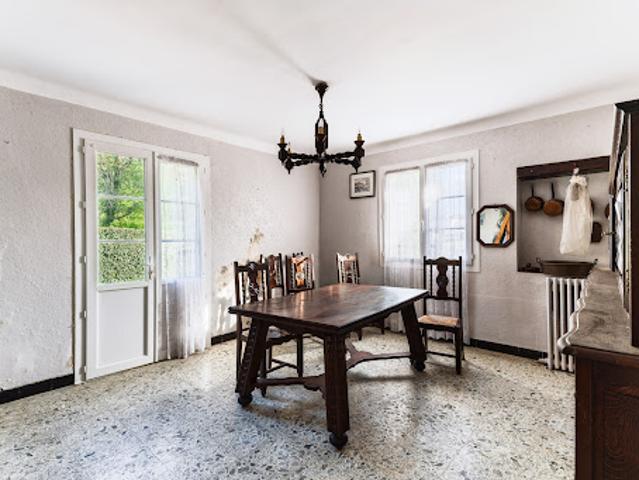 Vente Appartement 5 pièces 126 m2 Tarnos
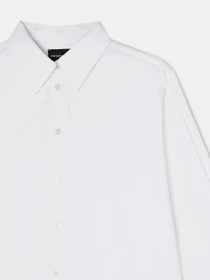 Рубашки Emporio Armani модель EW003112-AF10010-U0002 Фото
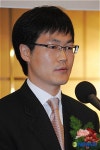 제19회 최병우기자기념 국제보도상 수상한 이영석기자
※
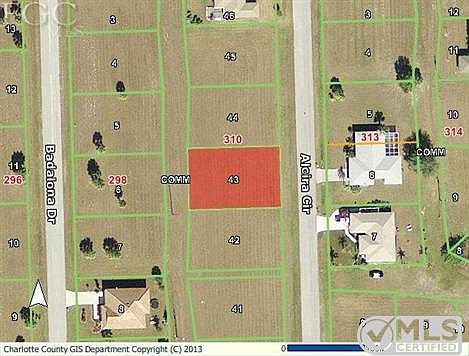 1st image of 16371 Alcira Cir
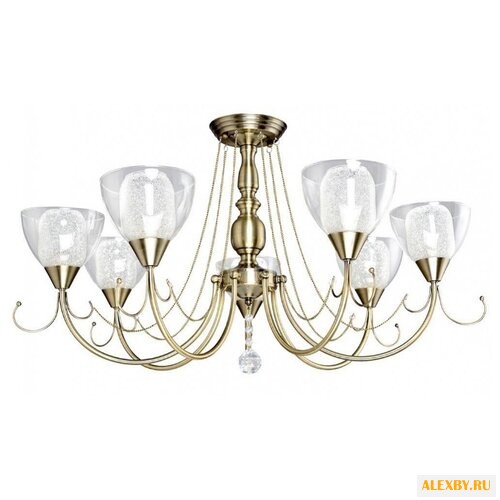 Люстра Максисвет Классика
※
Activity: Nothing but the lines above from the line with "Vente Appartement 5 pièces 126 m2 Tarnos" up to and including the line with "제19회 최병우기자기념 국제보도상 수상한 이영석기자" should be returned, exactly as written and without pictures.

Task output:
 Vente Appartement 5 pièces 126 m2 Tarnos
 Рубашки Emporio Armani модель EW003112-AF10010-U0002 Фото
 제19회 최병우기자기념 국제보도상 수상한 이영석기자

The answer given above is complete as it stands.